Nous sommes alors à moins de dix kilomètres du lieu où le Thar rejoint la mer. Nous profitons de la pente pour nous laisser porter jusqu’à la côte. Là, le Thar traverse Jullouville et Kairon — deux stations balnéaires réputées du Sud granvillais — avant de former un petit estuaire qui parcourt la plage, juste au sud de l’éperon rocheux de Saint-Pair-sur-mer. Au loin les îles Chausey flottent dans la brume de chaleur. Et l’on se prend à rêver de soudain tout renverser : et si pour voir le Cotentin, il fallait plutôt le regarder depuis la mer ? Et si c’était depuis les flots que cette péninsule prenait pleinement forme ? La baie des Veys et le Val de Saire à l’est, le Raz Blanchard au nord, la côte des havres (au nombre de huit) à l’ouest… Et peut-être même, si l’on osait, pousserait-on jusqu’à la majestueuse baie du Mont-Saint-Michel — qui n’est pas à proprement parler cotentine, mais qui en possède tant de traits.



Après trois jours d’itinérance, notre question reste la même : qui pourrait dire où finit le Cotentin ?
Les réponses, divergentes et enchevêtrées, semblent se faire le miroir du pays lui-même. Personne ne sait exactement où le Cotentin commence et où il s’arrête. Mais, dans un monde cerné de frontières rigides et fixes, cela est peut-être une force, peut-être une chance. Cela revêt en tout cas une certaine beauté. Car un pays, c’est avant tout un morceau de biosphère — un ensemble de couches multiples et mouvantes — où on a le sentiment d’être chez soi. C’est l’idée aussi qu’un lieu de vie ne se pense pas depuis ses bordures, mais depuis son coeur, depuis son milieu. Deux termes à la fois sensibles et biologiques qui nous aident à penser le Cotentin comme un pays vivant.
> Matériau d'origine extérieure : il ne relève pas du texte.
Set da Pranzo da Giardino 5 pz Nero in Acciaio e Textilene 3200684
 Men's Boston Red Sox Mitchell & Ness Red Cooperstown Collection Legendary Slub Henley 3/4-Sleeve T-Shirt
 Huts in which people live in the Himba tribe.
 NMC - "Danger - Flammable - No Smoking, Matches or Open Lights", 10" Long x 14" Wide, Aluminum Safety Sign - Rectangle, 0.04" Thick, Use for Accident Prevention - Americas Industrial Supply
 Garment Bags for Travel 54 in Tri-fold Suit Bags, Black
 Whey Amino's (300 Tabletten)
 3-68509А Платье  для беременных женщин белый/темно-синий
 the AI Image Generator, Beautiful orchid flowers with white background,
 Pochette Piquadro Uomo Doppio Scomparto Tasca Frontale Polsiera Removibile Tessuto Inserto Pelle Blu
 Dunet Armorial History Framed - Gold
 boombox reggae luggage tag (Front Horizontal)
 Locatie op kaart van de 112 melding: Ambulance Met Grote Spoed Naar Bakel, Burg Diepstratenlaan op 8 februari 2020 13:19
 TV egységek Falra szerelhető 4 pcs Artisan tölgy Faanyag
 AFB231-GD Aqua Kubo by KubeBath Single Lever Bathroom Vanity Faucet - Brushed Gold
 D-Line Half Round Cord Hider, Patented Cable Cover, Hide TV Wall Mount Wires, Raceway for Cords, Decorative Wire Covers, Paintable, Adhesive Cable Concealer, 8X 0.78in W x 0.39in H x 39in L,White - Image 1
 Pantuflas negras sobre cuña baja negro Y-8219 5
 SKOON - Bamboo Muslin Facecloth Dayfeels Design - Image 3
Comme un corps traversé de flux, qu’on habite et qui nous habite. Et en acceptant l’indécision des frontières poreuses, en acceptant l’emboîtement des échelles, l’idée qu’on puisse se tenir sur plusieurs territoires en même temps, selon depuis où l’on regarde, peut-être ouvre-t-on la voie à deux sentiments essentiels à notre temps : celui que les frontières administratives créent aussi des frontières dans nos têtes ; et celui que les lieux dans lesquels nous vivons sont vivants — et qu’il est donc impératif d’en prendre soin.